Покраснела легонько.

— Кто вы такой? — спрашивает.

— Я, — говорю, — имел уже честь доложить вам, что я водолив, сударыня, — вон с той барки…

Глядит с удивлением эдак.

— Что это, — спрашивает, — святки, что ли, у вас?

— Нет, — говорю, — я в своем собственном виде, сударыня. А что ежели я и по-человечьи говорить, умею да хвостиком не виляю, так это потому, что потерся-таки я на людях маленько да и… в книжках-то, как и вы, читывал — хоть немного, а читывал…

Вижу смекает маленько и любопытно ей все это очень.

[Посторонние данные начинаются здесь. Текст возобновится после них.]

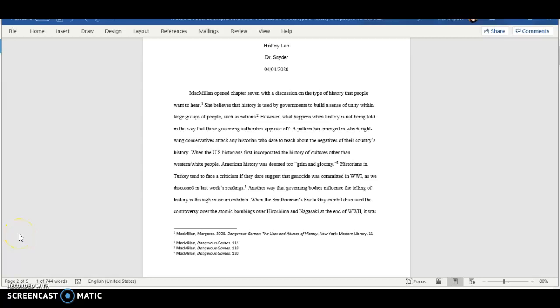Hello, this is Brandi Lynn Hubbard and today we will be learning when to use italics and quotations within a Chicago manual style research paper.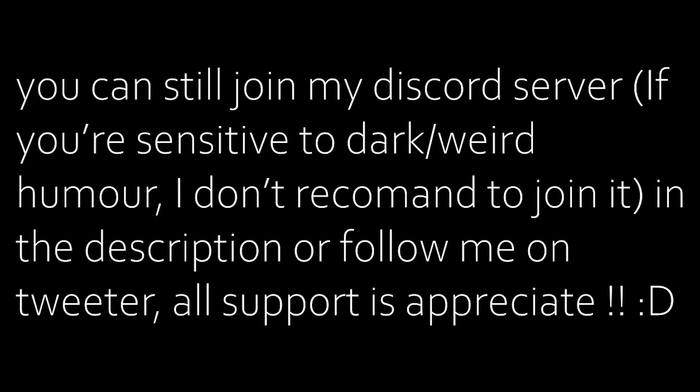Please don't forget to subscribe if you aren't, like if you like the video, dislike if you don't and see you next time I think.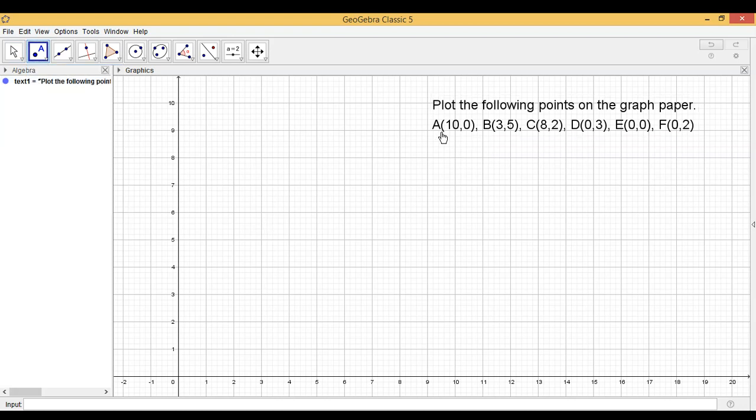So for locating A(10,0), we are going to start from the origin, which is the point (0,0). It is the point of intersection of the x-axis and the y-axis.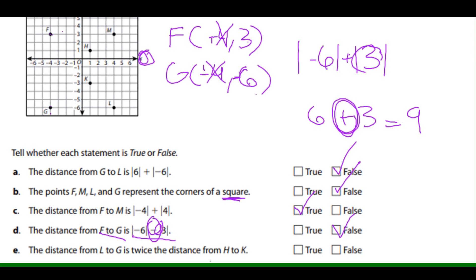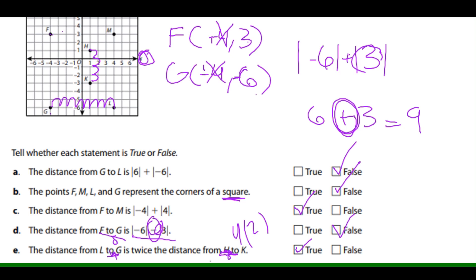Statement E: the distance from L to G is twice the distance from H to K. From H to K we count 4 units, and from L to G we count 8 units. Since 4 times 2 equals 8, that is true.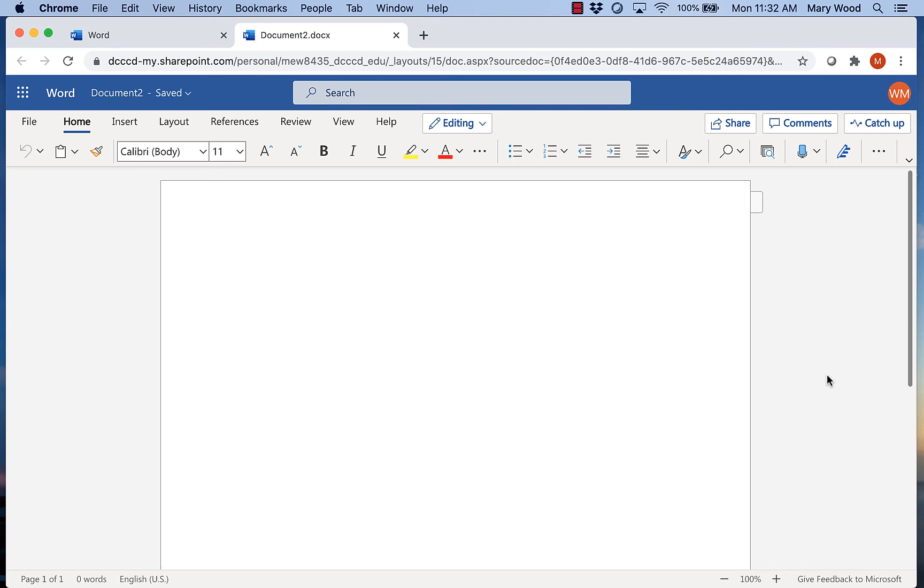Hi everyone! In this video, I'm going to show you how to set up MLA format in Microsoft Word Online.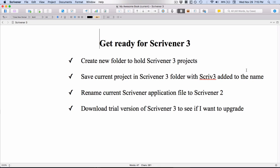If you make a mistake and accidentally open your working Scrivener 2 file over in Scrivener 3, don't panic. You can save a Scrivener 3 project down in a file format that Scrivener 2 can read or that Windows version of Scrivener can read. So you can actually create a new project folder at the same time as you're saving the project under a new name.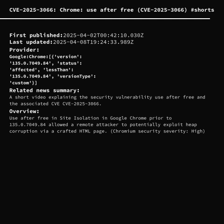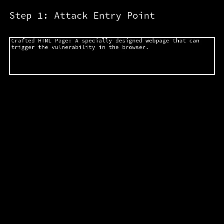Today we are diving into a critical vulnerability, CVE 2025-3066, recently found in Google Chrome. This vulnerability impacts the navigation component and has the potential to lead to serious security risks for users. Stick around as we explore the intricacies of this CVE and what it means for the digital ecosystem.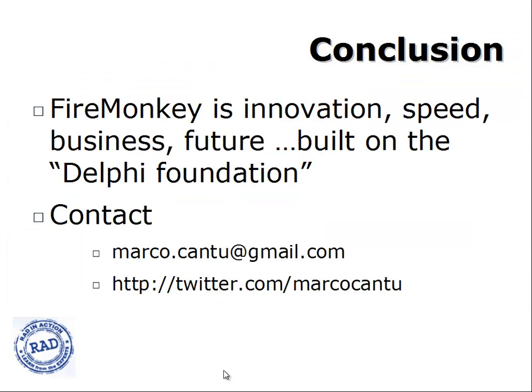So in conclusion FireMonkey is an application platform that lets you build multi-tier applications for Windows, Mac and iOS and more platforms are expected for the future. These apps are fast, they are compiled and they use the GPU to deliver the best performance on multiple platforms and all is built on the solid and reliable Delphi foundation. Thanks for viewing this video, bye.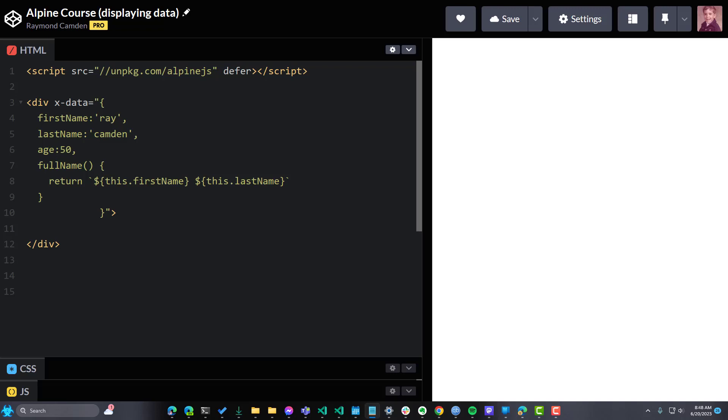All right, so in the last video I showed you how you can use xData to supply the variables and methods for your application. But I pointed out that by itself won't actually do anything. You can see the code here, there's nothing showing up.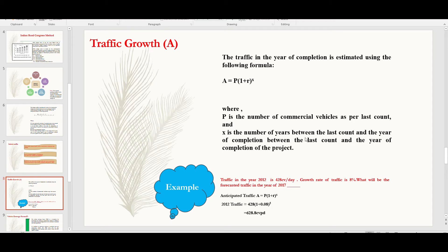For example, traffic in the year 2012 is 428 commercial vehicles per day, and the growth rate is 8%. To forecast the traffic in the year 2017, using A = P × (1 + r)^x: P = 428 CVPD, r = 8%, and x = 5 years (difference between 2012 and 2017). The forecasted traffic comes out to be approximately 628.8 CV per day.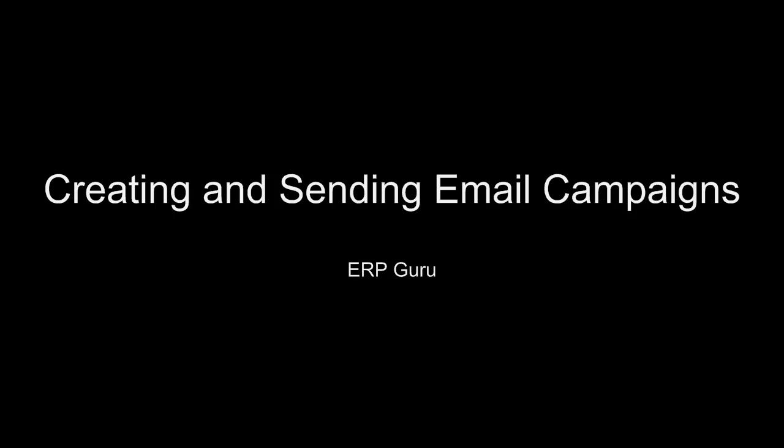Creating and Sending Email Campaigns by ERP Guru. In this tutorial video, we're going to take a look at how to create and send email blasts or email campaigns. While this is a six-step process, if you do it a couple of times, it will become second nature.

— А теперь что же, бросили?

— Бросил, — говорю.

— Почему?

— А потому, — говорю, — что ерунда одна… Один говорит одно, другой — другое, третий — третье и все врут… Жизнь есть и живи…

— А как жить? — говорит. — Книги-то вот и научат…

— Нет, — говорю, — они только с толку сбивают, все в разные стороны тянут. Наплюй на них да и живи, как Бог на душу положит…

Гляжу, покосилась на скамейку, а не садится, потому, понимаешь, сесть одной, как быдто, конфузно, а меня посадить рядом — и того хуже… Потом, вижу, усмешечка эдакая по лицу пробежала…

— Что же, говорит, мы стоим? Сядем…

И от этой усмешечки ее так меня в жар и бросило, потому, понимаю, забавляется, занятно ей, как она, барыня, и вдруг с зимогором сидеть будет да разговоры разговаривать — там какой он ни на есть, а все-таки зимогор, в опорках. Чудно ей это кажется. И еще больше обозлился я.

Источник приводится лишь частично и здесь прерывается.